Updated: Dec 11, 2018
I welcomed senior year with open arms and confidence. I was finally at the end.
Dual enrollment was my secret blessing. It was my way out. I got a taste of what college would be like earlier and I loved every moment of it. The freedom, the annoying professors, the curriculum, and the fact that it was all available to me free of charge.
When I tell you that it was a blessing I mean it would definitely go on to be one of the main reasons why my senior year was different and more soothing than my junior year.
I had way more time than I would have had I had a regular highschool schedule. I put it all into applying for scholarships, working and college applications.
By the end of my senior year, when I had all these banquets and award ceremonies for scholarships and recognition, I knew I had made it. This is what I worked for these past few years.
Its funny because I would see certain people from my school at some of these events who played no role in getting me to where I was and couldn’t take the time to properly guide me as a student, but had no problem sitting at my award table and taking credit for my successes, but that's life. People never want to be there for you on your journey, but always want to be there at the end when you prevailed.
I am blessed because I never stopped. I never stopped fighting for my education, fighting for my opportunity at a better life. No matter what, I never stopped doing my schoolwork. Till this day, I couldn't tell you how. When all I wanted to do was lay in bed and even considered dropping out at one point with a GPA and academic resume as great as mine, I didn't.

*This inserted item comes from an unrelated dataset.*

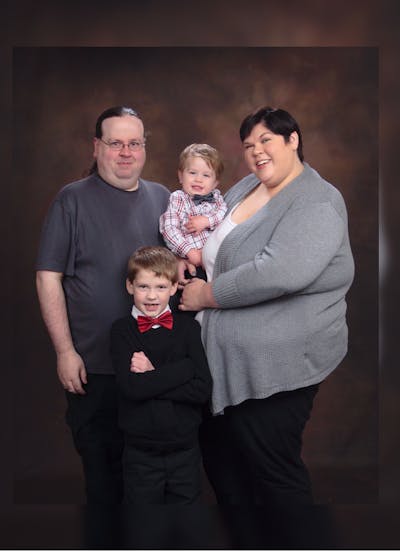 Patients 20-39 Years Old Before & After Gallery - Patient 14494309 - Image 1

I kept going. I kept going because I knew it would get better. I didn't know when, but I knew eventually I would get to say "I made it", and I wouldn't be talking about the little diploma Id be holding in my hands at the end.
I believe that for every bad situation, there is good in it. Every loss to me is a lesson. So I will say, if I never went to this school I would never be as independent, successful, & driven as I have grown to be. I would always need someone next to me in order to do something whether its go out in public, join a club, ANYTHING. That’s kind of how I was my freshman year, but my “alone time” showed me that I don't always have to be surrounded by people in order to do things.
In a wrap, my high school experience wasn't the best, but it was necessary for me to feel the things I did, and go through the things I went through, in order for me to excel to my greatest potential. If I didn't, I would definitely be going to college in the Fall, with the wrong mindset.
This school and my experiences here have taught me to at least TRY to walk with my head up high, don’t take disrespect lightly, & that I will forever be myself’s biggest advocate in this life. I have learned that people are going to talk about you regardless, so just do you and most importantly BE HAPPY. Find those things that give you genuine joy and really enjoy them. The way I see it we’re all going to die anyway, so I guess the question you have to ask yourself is if you died tomorrow would you be happy with the life you have lived?
So that’s my story. To my upcoming freshman in high school, just remember that you’re in charge of writing your own. Make it a good one. You can have a great high school experience. Talk to new people, join clubs that interest you, and don't let anybody dull your sparkle.